● Your task
Start at the first line of the material. Repeat each line exactly through the one containing "Mangeoire anti-nuisible OLBA", then stop.

************

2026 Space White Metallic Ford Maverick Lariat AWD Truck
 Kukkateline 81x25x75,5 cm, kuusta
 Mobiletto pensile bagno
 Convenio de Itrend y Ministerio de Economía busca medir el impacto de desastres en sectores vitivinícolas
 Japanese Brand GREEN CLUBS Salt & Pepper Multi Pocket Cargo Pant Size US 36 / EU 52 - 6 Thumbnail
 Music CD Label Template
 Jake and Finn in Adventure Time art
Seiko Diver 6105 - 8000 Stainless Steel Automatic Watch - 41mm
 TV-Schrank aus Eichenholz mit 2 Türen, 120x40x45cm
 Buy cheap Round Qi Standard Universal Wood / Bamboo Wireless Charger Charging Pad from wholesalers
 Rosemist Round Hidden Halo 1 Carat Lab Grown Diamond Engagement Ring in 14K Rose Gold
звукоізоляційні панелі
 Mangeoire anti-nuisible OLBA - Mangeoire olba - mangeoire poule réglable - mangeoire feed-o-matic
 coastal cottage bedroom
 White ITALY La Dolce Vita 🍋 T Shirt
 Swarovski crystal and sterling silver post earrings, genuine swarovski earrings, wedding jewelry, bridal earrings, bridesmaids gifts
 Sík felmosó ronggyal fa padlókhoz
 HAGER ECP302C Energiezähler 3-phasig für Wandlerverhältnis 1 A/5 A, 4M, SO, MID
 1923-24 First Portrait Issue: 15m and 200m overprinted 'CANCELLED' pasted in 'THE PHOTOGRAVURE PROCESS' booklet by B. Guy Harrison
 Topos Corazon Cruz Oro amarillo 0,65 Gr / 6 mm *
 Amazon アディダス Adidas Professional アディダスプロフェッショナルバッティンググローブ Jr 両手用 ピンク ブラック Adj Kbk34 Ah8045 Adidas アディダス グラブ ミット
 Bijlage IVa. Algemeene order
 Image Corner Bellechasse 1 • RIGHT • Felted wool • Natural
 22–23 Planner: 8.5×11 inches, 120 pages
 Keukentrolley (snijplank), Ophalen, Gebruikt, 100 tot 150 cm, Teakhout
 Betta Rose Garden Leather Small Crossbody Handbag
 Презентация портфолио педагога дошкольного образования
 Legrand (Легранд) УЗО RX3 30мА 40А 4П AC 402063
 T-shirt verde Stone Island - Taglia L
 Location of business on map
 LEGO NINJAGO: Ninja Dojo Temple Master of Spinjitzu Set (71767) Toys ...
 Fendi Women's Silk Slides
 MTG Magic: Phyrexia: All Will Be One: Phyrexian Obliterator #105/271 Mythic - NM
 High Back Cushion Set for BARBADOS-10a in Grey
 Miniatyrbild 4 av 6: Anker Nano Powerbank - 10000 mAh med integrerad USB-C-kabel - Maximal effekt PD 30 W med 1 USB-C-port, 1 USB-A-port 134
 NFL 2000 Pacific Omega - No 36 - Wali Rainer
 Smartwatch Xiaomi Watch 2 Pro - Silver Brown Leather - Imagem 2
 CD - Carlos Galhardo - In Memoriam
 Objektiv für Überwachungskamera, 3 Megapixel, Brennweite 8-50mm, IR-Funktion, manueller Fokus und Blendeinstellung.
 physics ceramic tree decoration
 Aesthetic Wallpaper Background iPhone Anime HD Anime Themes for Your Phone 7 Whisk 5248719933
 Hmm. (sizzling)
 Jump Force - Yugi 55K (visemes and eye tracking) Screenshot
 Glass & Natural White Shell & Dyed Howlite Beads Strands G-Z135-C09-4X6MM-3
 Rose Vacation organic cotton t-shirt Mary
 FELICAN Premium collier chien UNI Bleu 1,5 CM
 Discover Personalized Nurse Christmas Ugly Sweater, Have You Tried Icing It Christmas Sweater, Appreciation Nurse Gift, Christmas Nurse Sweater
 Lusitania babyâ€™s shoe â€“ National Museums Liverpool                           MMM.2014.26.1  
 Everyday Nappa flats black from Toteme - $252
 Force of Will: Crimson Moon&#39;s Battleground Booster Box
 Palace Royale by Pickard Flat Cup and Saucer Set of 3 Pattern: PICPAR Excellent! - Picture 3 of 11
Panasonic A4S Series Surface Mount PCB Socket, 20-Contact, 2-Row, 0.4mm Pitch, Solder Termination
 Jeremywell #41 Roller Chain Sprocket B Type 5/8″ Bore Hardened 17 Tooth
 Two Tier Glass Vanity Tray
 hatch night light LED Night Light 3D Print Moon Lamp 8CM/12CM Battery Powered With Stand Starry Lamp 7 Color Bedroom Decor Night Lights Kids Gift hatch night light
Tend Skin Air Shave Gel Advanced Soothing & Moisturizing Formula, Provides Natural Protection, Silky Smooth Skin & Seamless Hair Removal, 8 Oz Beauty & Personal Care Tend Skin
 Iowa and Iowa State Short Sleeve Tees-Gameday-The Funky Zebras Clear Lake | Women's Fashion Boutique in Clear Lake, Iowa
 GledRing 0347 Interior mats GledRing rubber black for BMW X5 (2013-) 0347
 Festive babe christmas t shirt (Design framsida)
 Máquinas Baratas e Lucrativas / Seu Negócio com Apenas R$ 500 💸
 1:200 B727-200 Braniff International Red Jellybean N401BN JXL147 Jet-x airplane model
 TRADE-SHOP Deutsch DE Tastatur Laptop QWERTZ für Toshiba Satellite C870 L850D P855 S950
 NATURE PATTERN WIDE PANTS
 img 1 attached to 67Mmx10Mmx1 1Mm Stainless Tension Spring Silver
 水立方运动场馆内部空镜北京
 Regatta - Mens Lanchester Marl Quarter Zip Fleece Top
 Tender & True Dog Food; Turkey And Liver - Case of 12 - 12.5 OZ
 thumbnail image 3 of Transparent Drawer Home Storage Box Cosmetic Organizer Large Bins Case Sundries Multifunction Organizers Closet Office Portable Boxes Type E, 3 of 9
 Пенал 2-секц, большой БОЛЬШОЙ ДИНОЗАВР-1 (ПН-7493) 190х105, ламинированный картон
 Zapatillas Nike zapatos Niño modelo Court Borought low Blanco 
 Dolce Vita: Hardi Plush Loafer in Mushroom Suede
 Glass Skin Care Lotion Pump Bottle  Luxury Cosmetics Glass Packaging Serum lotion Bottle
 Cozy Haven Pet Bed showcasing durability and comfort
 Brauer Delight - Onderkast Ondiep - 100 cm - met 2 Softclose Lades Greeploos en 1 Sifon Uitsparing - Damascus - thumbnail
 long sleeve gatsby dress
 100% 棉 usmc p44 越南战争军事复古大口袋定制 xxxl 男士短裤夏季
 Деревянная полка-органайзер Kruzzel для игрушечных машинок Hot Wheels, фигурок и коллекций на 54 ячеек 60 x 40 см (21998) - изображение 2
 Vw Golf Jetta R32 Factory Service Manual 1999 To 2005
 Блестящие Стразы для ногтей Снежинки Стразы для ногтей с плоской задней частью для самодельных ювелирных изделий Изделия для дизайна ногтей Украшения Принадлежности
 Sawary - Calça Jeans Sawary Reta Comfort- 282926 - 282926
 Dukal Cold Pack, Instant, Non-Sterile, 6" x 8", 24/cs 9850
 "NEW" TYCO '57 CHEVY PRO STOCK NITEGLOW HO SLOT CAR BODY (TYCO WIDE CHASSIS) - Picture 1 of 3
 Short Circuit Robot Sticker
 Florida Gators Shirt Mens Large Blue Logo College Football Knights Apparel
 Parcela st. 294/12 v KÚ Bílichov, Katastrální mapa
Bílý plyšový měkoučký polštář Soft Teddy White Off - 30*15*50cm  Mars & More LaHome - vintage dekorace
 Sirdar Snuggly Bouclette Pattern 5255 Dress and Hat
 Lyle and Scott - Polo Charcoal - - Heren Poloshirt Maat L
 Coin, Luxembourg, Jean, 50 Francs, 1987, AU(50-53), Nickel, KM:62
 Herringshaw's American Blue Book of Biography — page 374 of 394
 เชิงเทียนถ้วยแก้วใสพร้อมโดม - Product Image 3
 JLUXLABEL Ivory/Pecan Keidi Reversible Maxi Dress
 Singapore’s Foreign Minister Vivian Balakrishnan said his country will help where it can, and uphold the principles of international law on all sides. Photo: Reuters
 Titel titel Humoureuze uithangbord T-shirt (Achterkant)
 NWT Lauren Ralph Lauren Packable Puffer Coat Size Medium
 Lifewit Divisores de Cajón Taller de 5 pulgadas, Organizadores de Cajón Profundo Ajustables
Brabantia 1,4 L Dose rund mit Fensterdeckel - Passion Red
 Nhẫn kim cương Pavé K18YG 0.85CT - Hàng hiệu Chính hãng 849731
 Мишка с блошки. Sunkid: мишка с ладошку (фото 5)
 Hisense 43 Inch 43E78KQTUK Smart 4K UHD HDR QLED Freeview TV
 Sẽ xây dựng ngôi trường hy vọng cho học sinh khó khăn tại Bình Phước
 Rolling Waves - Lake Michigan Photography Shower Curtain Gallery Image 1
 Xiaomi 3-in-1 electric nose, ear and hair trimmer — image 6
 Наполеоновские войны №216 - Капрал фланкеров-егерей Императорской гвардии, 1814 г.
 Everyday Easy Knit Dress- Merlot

************

● Problem solution
2026 Space White Metallic Ford Maverick Lariat AWD Truck
 Kukkateline 81x25x75,5 cm, kuusta
 Mobiletto pensile bagno
 Convenio de Itrend y Ministerio de Economía busca medir el impacto de desastres en sectores vitivinícolas
 Japanese Brand GREEN CLUBS Salt & Pepper Multi Pocket Cargo Pant Size US 36 / EU 52 - 6 Thumbnail
 Music CD Label Template
 Jake and Finn in Adventure Time art
Seiko Diver 6105 - 8000 Stainless Steel Automatic Watch - 41mm
 TV-Schrank aus Eichenholz mit 2 Türen, 120x40x45cm
 Buy cheap Round Qi Standard Universal Wood / Bamboo Wireless Charger Charging Pad from wholesalers
 Rosemist Round Hidden Halo 1 Carat Lab Grown Diamond Engagement Ring in 14K Rose Gold
звукоізоляційні панелі
 Mangeoire anti-nuisible OLBA - Mangeoire olba - mangeoire poule réglable - mangeoire feed-o-matic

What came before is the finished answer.